Yoko Ono singles chronology
| "Kiss Kiss Kiss" (1980) | "Beautiful Boys" (1981) | "Walking on Thin Ice" (1981) |

= Beautiful Boys =

Yoko Ono song

"Beautiful Boys" is a song written by Yoko Ono that was first released on Ono's and John Lennon's 1980 album Double Fantasy. It was later released as the B-side of Lennon's number-one single "Woman".

The first verse of "Beautiful Boys" is directed at Ono and Lennon's young son Sean, culminating in the line "don't be afraid to cry". On the album this comes off as a companion piece to Lennon's song "Beautiful Boy (Darling Boy)", which Lennon directed to Sean. The second verse is directed at her husband John, with lines such as "your mind has changed the world". Finally the last verse is directed at all men and she tells them not to be afraid to "go to hell and back" as they go through life. Music critic Johnny Rogan sees this line as encouraging exploration and notes that the last line "don't be afraid to be afraid" serves as a "gentle warning". Lennon said of this line:
I'm not afraid to be afraid, though it's always scary. But it's more painful to try not to be yourself. People spend a lot of time trying to be someone else.

The last verse is sung over backward noises and sounds that give the verse an "uneasy atmosphere", according to music lecturers Ben Urish and Ken Bielen. Urish and Bielen see the last verse as a response to "Woman", which in their view Lennon directed towards all women.

Beatle biographer John Blaney also sees this song as a companion to "Woman" stating that "Ono's analysis of her relationship with Lennon was insightful and honest. It flattered and encouraged, expressing everything that a loving wife would wish for her husband." Urish and Bielen contrast this song, which challenges people "to accept that a well-lived life will have heartbreak and danger" with Lennon's songs on the album whose themes are reassurance and acceptance. Music journalist Charles Shaar Murray similarly stated that Ono's verse about Lennon showed that "her love and admiration for her husband are considerably more clear-eyed than his for her; he writes about her as an omnipotent, benevolent, life-giving Natural Force; she writes about him as a gifted human who is still a child." Rogan feels that the verse about Lennon reveals an interesting aspect of his psychology with the line "You got all you can carry/And still feel somehow empty." Ono biographer Jerry Hopkins sees the first two verses as illustrating that Sean and John are much alike despite Sean being 4 years old when the song was written while John was 39. Tom Sowa of The Spokesman-Review described the song as a "tender, melancholic comment with a light musical touch". Orlando Sentinel critic Noel Holston regarded "Beautiful Boys" as the most beautiful song on the entire album. New Musical Express critics Roy Carr and Tony Tyler describe "Beautiful Boys" as "an eerie lament which is not so much a gloomy feminist assessment as an instinctive matriarch's perception of 'Man-as-child.'"
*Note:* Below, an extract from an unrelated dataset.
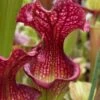 Judith Hindle Pitcher Plant (Sarracenia) - 2.5 Quart Pot -Plant Lover House Shop sarracenia judith hindle pitcher plant 6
In an interview with Playboy Ono said of the song that:
It is a message to men. John and Sean inspired me, but the third verse is about all the beautiful boys of the world. That's sort of like the extension of the idea. I had relationships with men, but it was always "You know where the door is." I didn't really trouble to find out what their needs were, what their pains were. With John, that changed. He found out my pain, and I had to find out his pain...The world consists of men and women—there is no denying that. It is important men and women recognize each other and work with each other. It's really a message to men—reaching out to men to understand.

Keyboardist George Small stated that he regarded "Beautiful Boys" as the most avant garde song on Double Fantasy because of Hugh McCracken's "flamenco, Spanish-flavored guitar solo", as well as some backwards guitar that reminded him of Beatles' songs such as "I'm Only Sleeping". Assistant engineer Jon Smith stated that they incorporated sound effects from Star Wars battles into the song. Originally they did so by playing the movie soundtrack through noise gates that were triggered to turn on when drummer Andy Newmark hit his tom-toms, thus timing the sound effects to the drums. Ono thought this ruined the mood of the song and so they simply left the sound effects low in the mix without timing them to the drums.